No recomiendo libros (mentira literaria), pero le sugiero que consiga este a quien tenga ganas de leer algo fresco, entretenido, también a quien se interese en la escritura tanto para sumergirse en ella como quien viaja en un submarino y –sobre todo– a quien tenga claro que un libro es "el animal muerto por antonomasia, hacia el cual nos inclinamos para olvidarnos de nosotros, tal como las brujas y los vampiros, exánimes por naturaleza, chupan a sus víctimas para olvidar que están muertos". 

2022/04/09

Soy Pablo (apuntes sobre La buena suerte, de Rosa Montero)

En memoria de mi madre, que me enseñó a narrar*


Mi historia dista mucho de la de Pablo: arquitecto famoso, con una infancia de pesadilla, lleno de ideas geniales pero vacío –al menos en apariencia– de amores profundos; sin embargo, soy Pablo (que la casualidad de la etimología de los nombres no es un capricho, diré a conveniencia para darle más sentido a esta afirmación). 

No hay forma de que no sea Pablo, porque sus palabras son mías, esas que noté había perdido cuando intentaba traducir mi circunstancia: "No sé si alguna vez has perdido a alguien querido y muy cercano. Cuando un muerto se va, se lleva consigo su mundo. El sentido de su mundo", le explica a Raluca, "sus objetos enmudecen: ahora ya nadie sabe qué significaba esa taza de porcelana con la que siempre tomaba el té, cuándo la adquirió, qué le recordaba […] Las cosas se vacían de historia y de esencia y se convierten en basuras. Los muertos nunca se van solos: se llevan un pedazo del universo"… y, habiendo hallado las palabras, también encontré la certeza de que mi alma es un universo que se rompió en mil pedazos y el mayor, el más bello, se fue con mi mami: ella se lo llevó porque le pertenecía.
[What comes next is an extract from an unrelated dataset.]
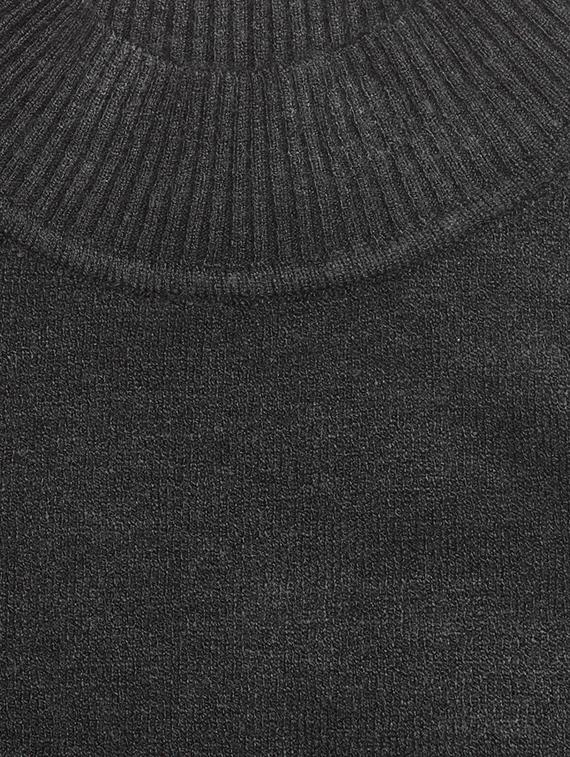 black acrylic sweater - 16712079 - Zoom Image - 3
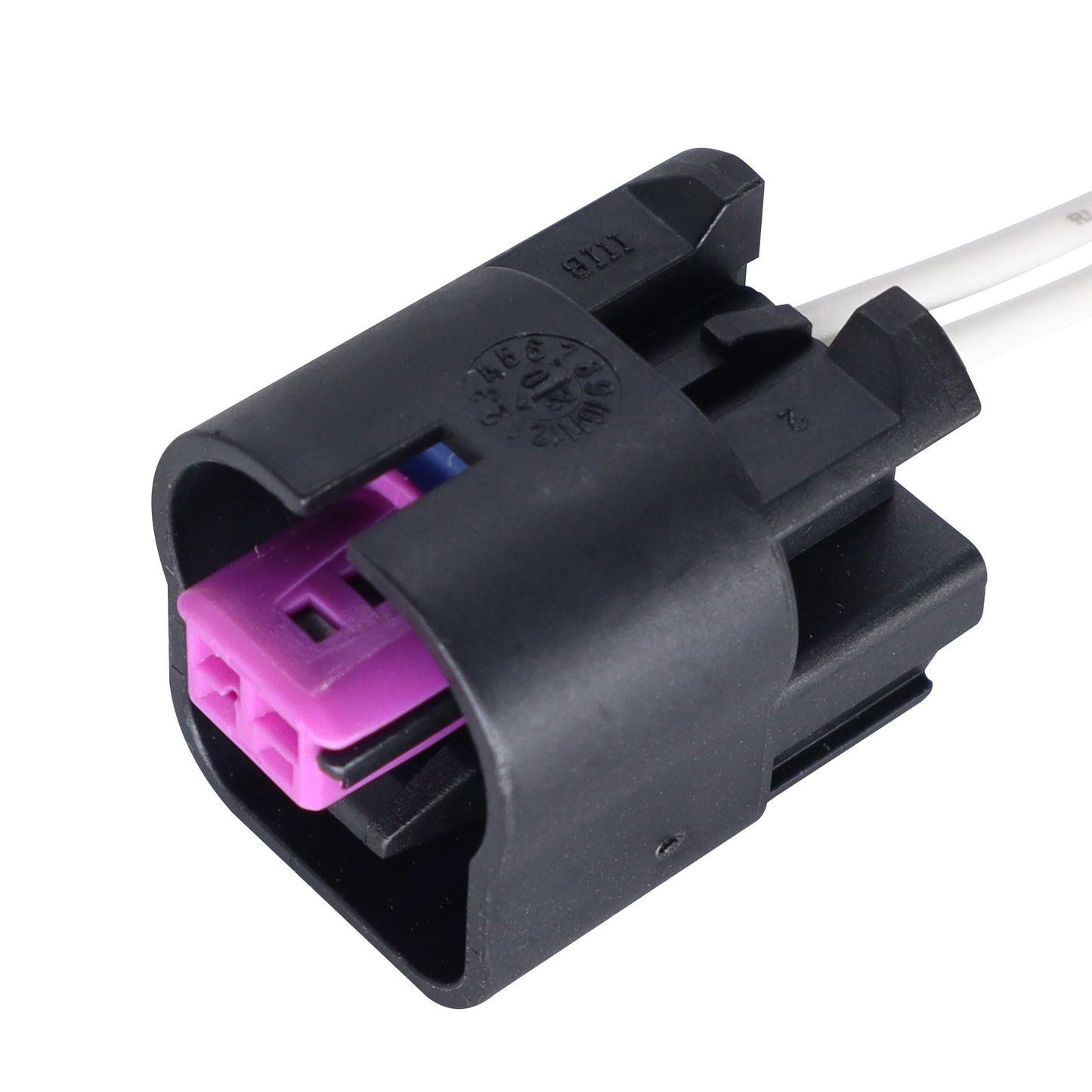 HiSport 15306137 Variable Valve Timing (VVT) Solenoid Connector Compatible with Buick Lacrosse Regal Verano, Chevrolet Captiva Malibu Equinox, Chevy Express, GMC Savana, Pontiac G5 G6, Saturn Aura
Pablo se va de su vida, porque pesa, porque agobia, porque asusta; él cree que ausentarse físicamente de los lugares y de las personas es una forma de ya no estar o, incluso, de renacer. Yo quisiera tener el valor de tomar un tren y bajarme en una estación cualquiera, empezar de cero y ver qué pasa, a él le funcionó…, pero siendo Pablo, no lo soy: tengo claro que lo que quiero dejar atrás es lo que llevo dentro y no hay tren que me aleje de mí misma, del parásito que me habita. "El miedo es un parásito, un invasor. Un vampiro que te chupa los pensamientos, porque no puedes alejarlo de tu cabeza", y pasa lo mismo con la tristeza (que así se llama el bicho que no me deja).
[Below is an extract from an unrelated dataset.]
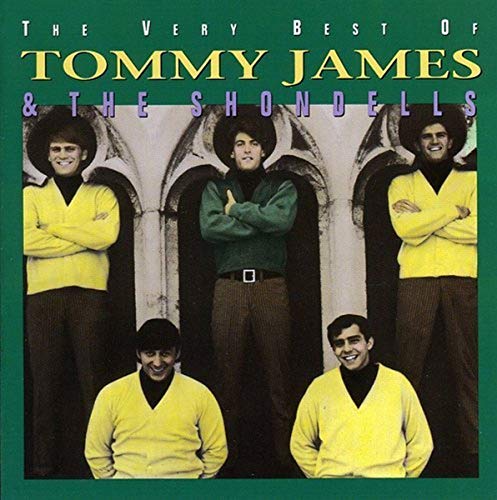 TOMMY JAMES & THE SHONDELLS - THE VERY BEST OF TOMMY JAMES & THE SHONDELLS (US RELEASE) (CD)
Además, pienso, de qué sirve cambiar de estación, perderse en el intento de encontrarse, "recomenzar" en cualquier sitio si el mundo entero está podrido (no es pesimismo, es solo una observación a partir de lo que pasa en todos lados, todo el tiempo). Si lo que busco es convivir con gente buena, además de mi lista chiquita de afectos, y alejarme de quienes hacen mal, da igual el sitio al que vaya o en el que me quede: "la gente no se divide entre ricos y pobres, negros y blancos, derechas e izquierdas, hombres y mujeres, viejos y jóvenes, moros y cristianos –dice al fin–: no. En lo que se divide de verdad la humanidad es entre buena y mala gente".

En este punto confieso que cuando compré La buena suerte, de Rosa Montero, me dejé llevar por la cita cortita que encabeza su contraportada: "La alegría es un hábito", es que buscaba una lectura serena, algo que me permita encontrar otras palabras mías que también están perdidas, emociones que no sé si vuelva a hallar…, pero fue bueno encontrarme entre líneas, leerme en el espejo de una realidad tan distinta. Y siempre, siempre, es bueno dejar que la intuición saque del estante de una librería una pase a una dimensión nueva, porque los libros también son trenes, aunque en sus estaciones nadie se pueda bajar.


*Le copio la dedicatoria a Rosa, porque coincido también en eso con su novela. Este texto (y, ojalá, algún día un libro) es por y para ella: mi mamá.